The next individual that Lulua encounters is Christoph Aurel Arland, typically referred to as just “Aurel”. While Lulua simply finds it amusing that he shares a last name with the town of Arland, those of us who have been following along the series for a while will correctly deduce that he has some relation to Ludwig Giovanni Arland (aka “Gio”), the former king of Arland. Specifically, Aurel is Gio’s nephew, and spends much of the game attempting to reclaim his uncle’s honour, which he believes has been unjustly taken from him.
We don’t learn the details of this until later; Lulua’s initial encounter with Aurel involves him placing an order for an item she doesn’t know how to make. Aurel rather gruffly indicates that he believes in Lulua’s capabilities, since she is the daughter of a famous alchemist, but Lulua isn’t so sure at the time; she sees her inability to meet Aurel’s request as letting her mother down.
As it happens, it’s Aurel’s initial request that gets Lulua started making use of one of the game’s core mechanics and narrative concepts: the mysterious tome known as “Alchemyriddle” that seemingly fell out of the sky onto her head one day, and which only she is able to read.

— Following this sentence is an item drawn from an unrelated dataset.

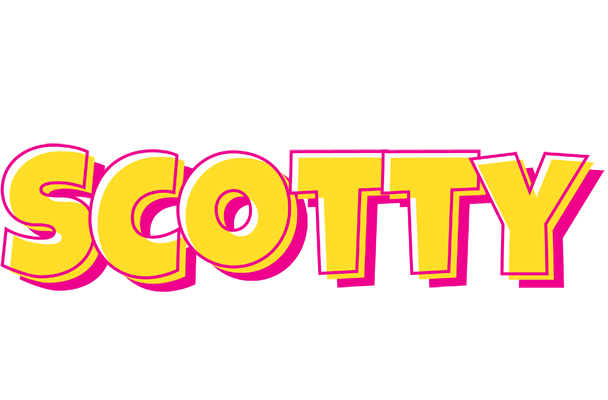 Scotty kaboom logo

Upon expressing her anguish that she doesn’t know how to make the Bunt Resin that Aurel is requesting, she discovers that Alchemyriddle has the means to provide the answers she is looking for — but only if she puts the work in to figure things out for herself. Alchemyriddle is not a quick fix; rather, it acts as a prompt for Lulua to investigate certain things that will eventually lead her in the right direction to come up with a solution.
As such, Lulua’s initial encounter with Aurel is an extremely important one. Not only does it introduce her to something at the core of the whole story to follow, it helps her understand the concept of sticking with something until you’re successful — even if you suffer a few setbacks along the way. As Aurel’s personal story continues, we certainly see him encounter more than a few problems on his quest to, in his eyes, “redeem” his uncle — and his willingness to pick himself back up and try again after suffering a failure proves inspirational to Lulua.

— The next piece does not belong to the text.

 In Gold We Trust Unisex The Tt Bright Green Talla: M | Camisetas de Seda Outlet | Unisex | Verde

Several characters express their concern at Lulua’s reliance on Alchemyriddle to solve her problems, believing that it just provides her with the answers, no questions asked. They can’t read it, after all, so they can’t see that it requires her to decipher several pieces of knowledge before it leads her to a suitable solution. One of these concerned parties is none other than one Totooria Helmold, who initially believes that relying too much on an external source of information will make it more likely that Lulua be caught off guard in the future — but after seeing her at work directly, she is reassured that Lulua is still putting in the effort required to thrive as an alchemist.
Not only that, but Alchemyriddle itself is clearly aware of the fact that Lulua needs to develop her own skills along the way, too; there are multiple situations throughout the game where Lulua needs to reach a particular level milestone in either her alchemy or adventuring — or perhaps simply synthesise or enter battles a certain number of times — before it will give up any more information. The eventual revelation of where Alchemyriddle ultimately came from explains this side of things in particular — but that’s not something truly revealed until the game’s finale.

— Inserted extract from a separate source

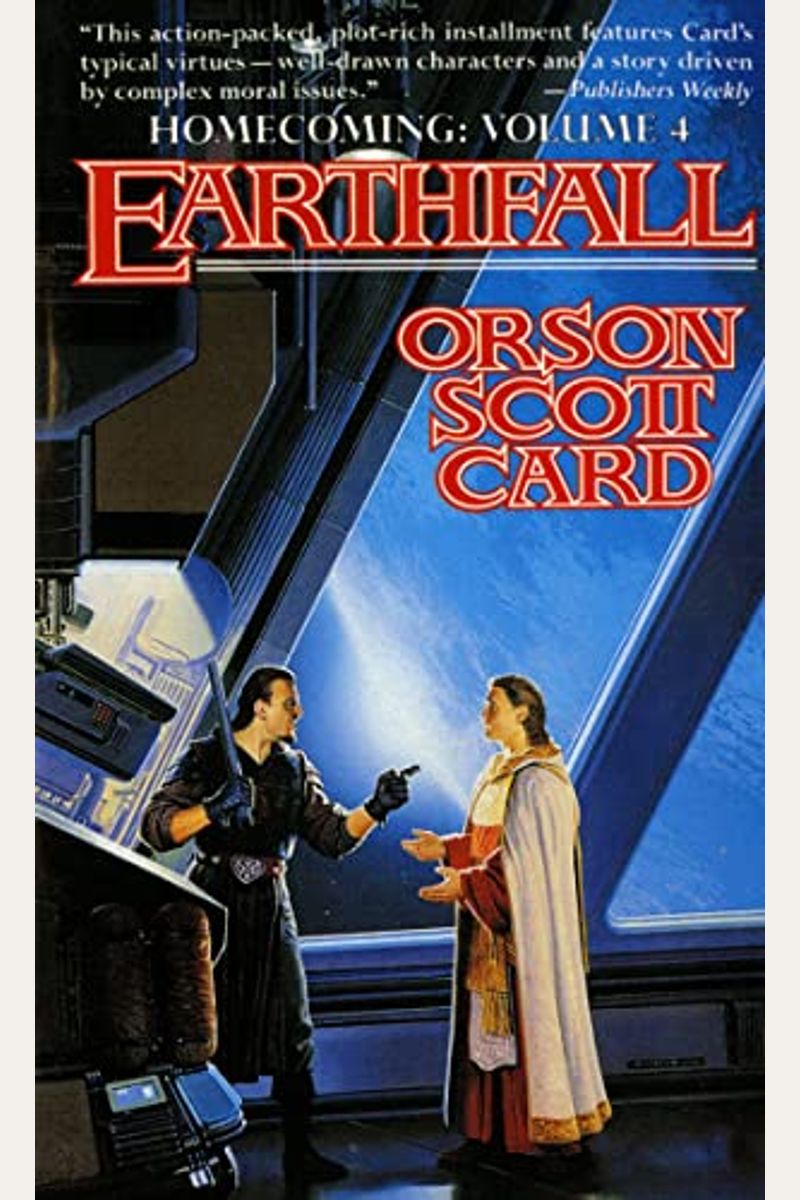 Earthfall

Another character who expresses some concern over Lulua’s use of Alchemyriddle is the mysterious magician known as Ficus, who basically barges his way into Lulua’s party after taking an interest in her efforts following a few chance encounters. As a street performer, Ficus points out that every trick has a catch — and that Alchemyriddle seems to know Lulua’s future… but subsequently claims that he was just joking. There is, of course, still a certain amount of truth behind his words.
The most interesting thing about Ficus is that it’s initially difficult to figure him out. Our first encounters with him in the game show him hiding or running away from both Totori and Sterk for reasons unknown — almost as if he’s done something far worse than perform magic for children without a license. It’s not immediately apparent what this might have been, however. Unless, of course, you played Atelier Totori through to its conclusion, in which case you will figure out Ficus almost immediately after he makes a few important statements. Or perhaps even after you see his distinctive outfit.
After Lulua questions Ficus’ apparent fascination with children — that he claims to have never seen before — Ficus explains that he had not been “living under a rock” as Lulua suggests, but had, in fact, been living a life of isolation on the bottom floor of a big tower far, far away from the lands he is in now. He also seems to have extensive knowledge of monster culture and society, and claims that “some monsters like humans”. Indeed, his first encounter with Lulua is as she and her group are attempting to deal with a Puni infestation at the Arls border; he encourages her to seek a means of communicating with them rather than thoughtlessly attacking them.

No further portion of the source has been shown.